### DATA TO USE
──────────
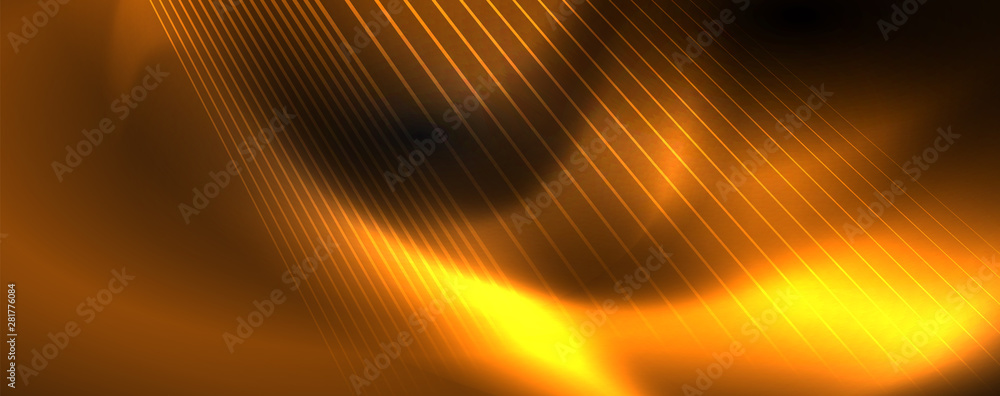 Poster shiny color neon light with lines, abstract wallpaper, shiny motion, magic space light. techno abstr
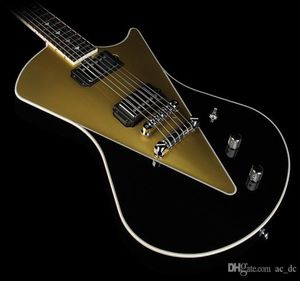 Custom Music Man Ernie Ball Armada Gold Schwarz Undurchsichtige E-Gitarre, gebogene Dreieck-Inlays, Mahagoni-Korpus mit gemasertem Ahorn, Quote 5554406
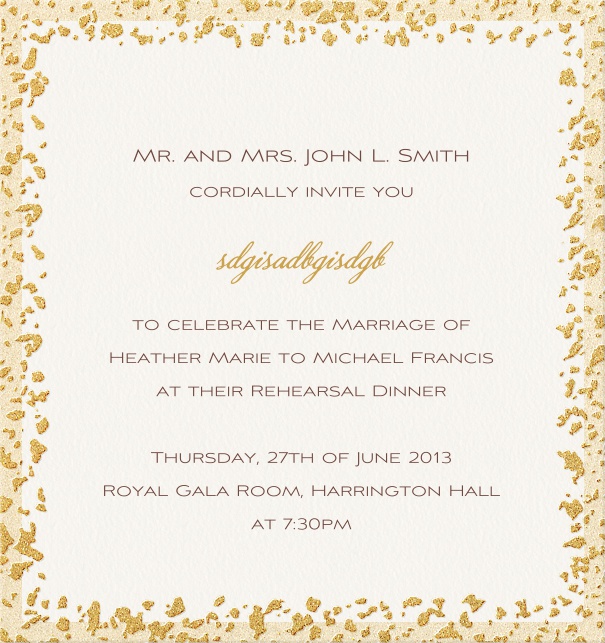 Elegante Einladungskarte mit goldenem Rahmen und Empfängernamen für die persönliche Anrede.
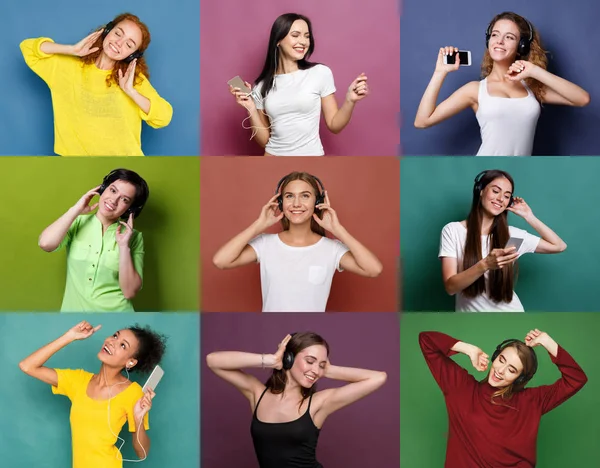 Set of different women listening to music — Stock Photo, Image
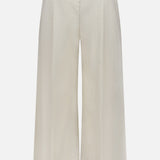 The BRUNELLO CUCINELLI Cotton Poplin Deep Pleat A-Line Pant features front pleats, belt loops, and a high-waisted wide-leg silhouette in cream cotton poplin, made in Italy and shown against a white background.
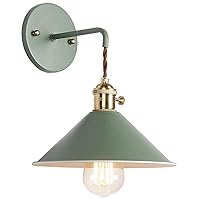 Wall Sconce Lamps Lighting Fixture with on Off Switch,Green Macaron Wall lamp E26 Edison Copper lamp Holder with Frosted Paint Body Bedside lamp Bathroom Vanity Lights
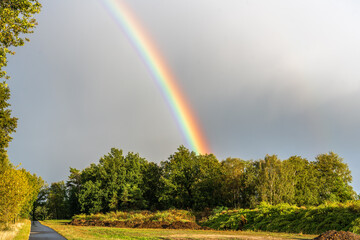 A stunning rainbow over a tranquil green landscape with dramatic clouds. Magical and picturesque!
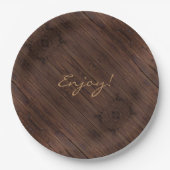 Rustikale dunkle Bretterzaun-Land-Art Browns Pappteller (Vorderseite)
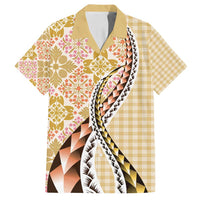 Aloha Vintage Palaka Floral Hawaiian Quilt Family Matching Long Sleeve Bodycon Dress and Hawaiian Shirt Melemele Motif - Polynesian Pride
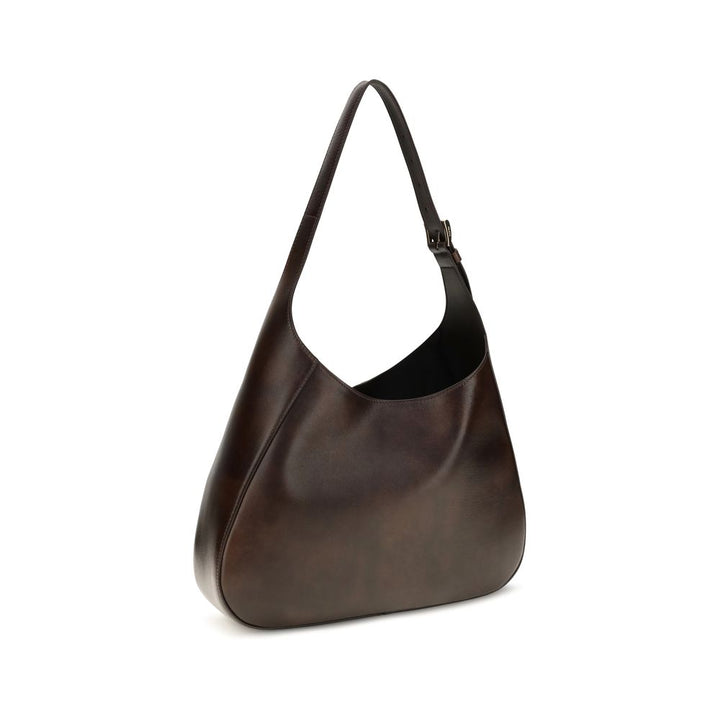 Prada Brown Calf Leather Bos Taurus Shoulder Bag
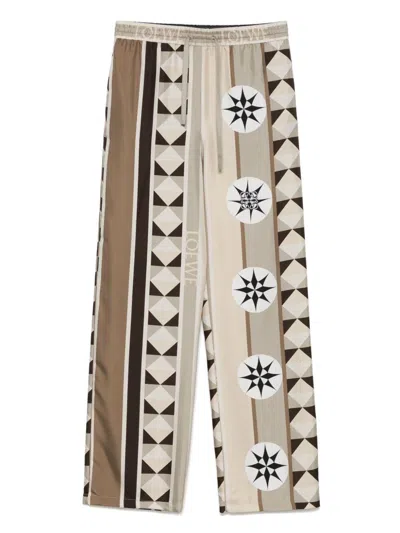 Loewe Scarf Print Silk Pajama Trousers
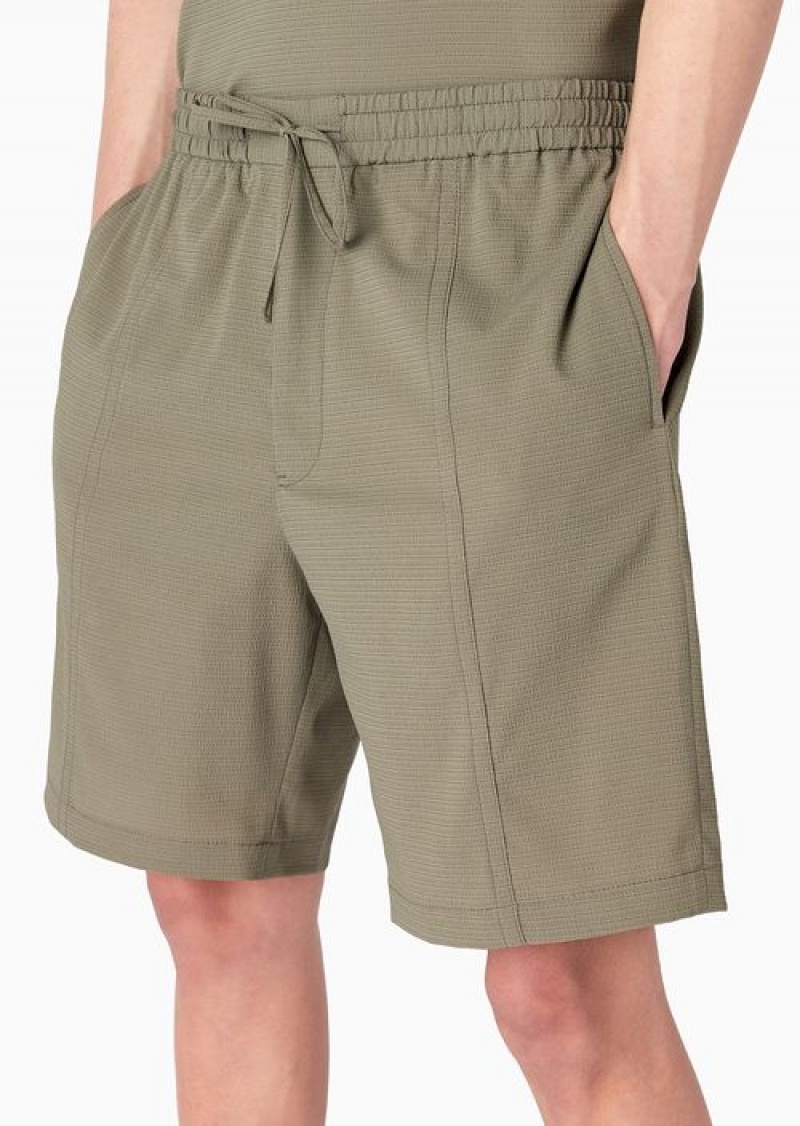 Military Green Emporio Armani Stretch Seersucker, Drawstring Board Shorts | EA-SN58300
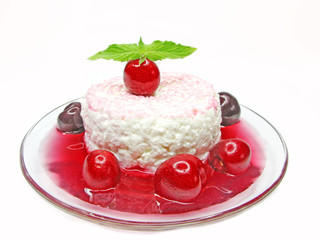 cherry dessert with pudding and jelly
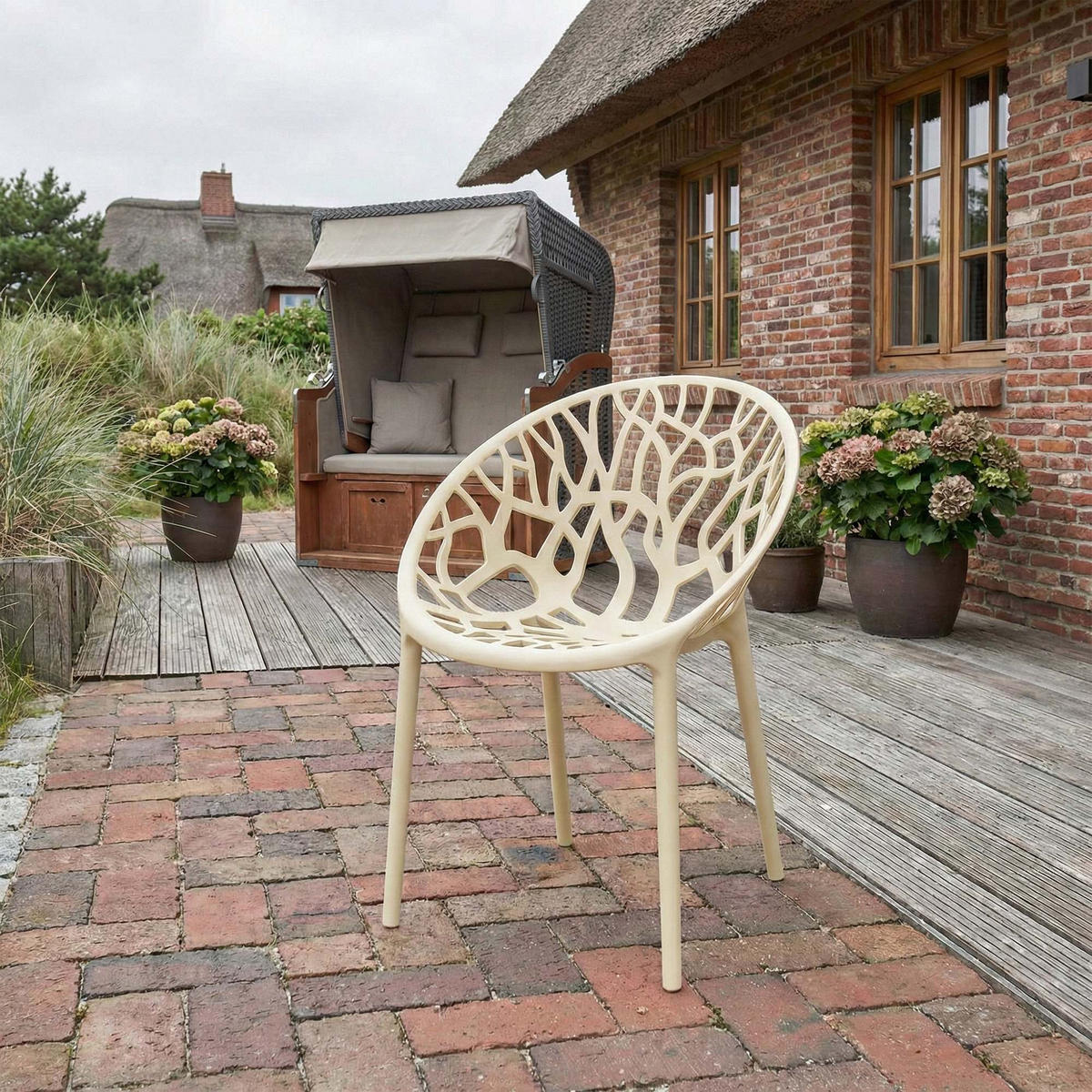 GARTENSTUHL Kunststoff Creme - Creme, Kunststoff (59/80/60cm) - CLP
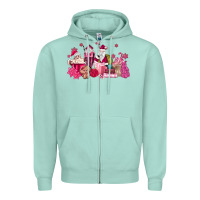Seafoam pink santa coffee Zipper Hoodie - MaliasSmallBusiness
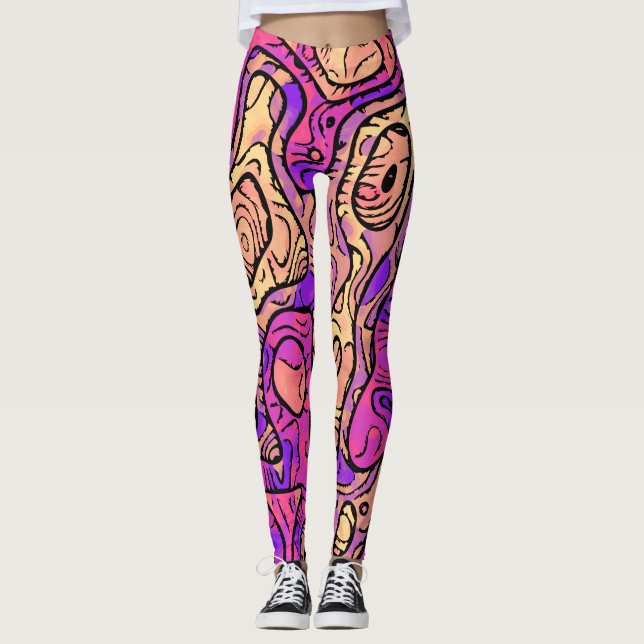 Legging Abstrato Vibrante (Frente)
──────────
Looking at the records above, extract only the lines from the one with "Elegante Einladungskarte mit" through the last line, exactly, with the pictures left out.

### REPLY TO THE TASK
 Elegante Einladungskarte mit goldenem Rahmen und Empfängernamen für die persönliche Anrede.
 Set of different women listening to music — Stock Photo, Image
 The BRUNELLO CUCINELLI Cotton Poplin Deep Pleat A-Line Pant features front pleats, belt loops, and a high-waisted wide-leg silhouette in cream cotton poplin, made in Italy and shown against a white background.
 Wall Sconce Lamps Lighting Fixture with on Off Switch,Green Macaron Wall lamp E26 Edison Copper lamp Holder with Frosted Paint Body Bedside lamp Bathroom Vanity Lights
 A stunning rainbow over a tranquil green landscape with dramatic clouds. Magical and picturesque!
 Rustikale dunkle Bretterzaun-Land-Art Browns Pappteller (Vorderseite)
 Aloha Vintage Palaka Floral Hawaiian Quilt Family Matching Long Sleeve Bodycon Dress and Hawaiian Shirt Melemele Motif - Polynesian Pride
 Prada Brown Calf Leather Bos Taurus Shoulder Bag
 Loewe Scarf Print Silk Pajama Trousers
 Military Green Emporio Armani Stretch Seersucker, Drawstring Board Shorts | EA-SN58300
 cherry dessert with pudding and jelly
 GARTENSTUHL Kunststoff Creme - Creme, Kunststoff (59/80/60cm) - CLP
Seafoam pink santa coffee Zipper Hoodie - MaliasSmallBusiness
 Legging Abstrato Vibrante (Frente)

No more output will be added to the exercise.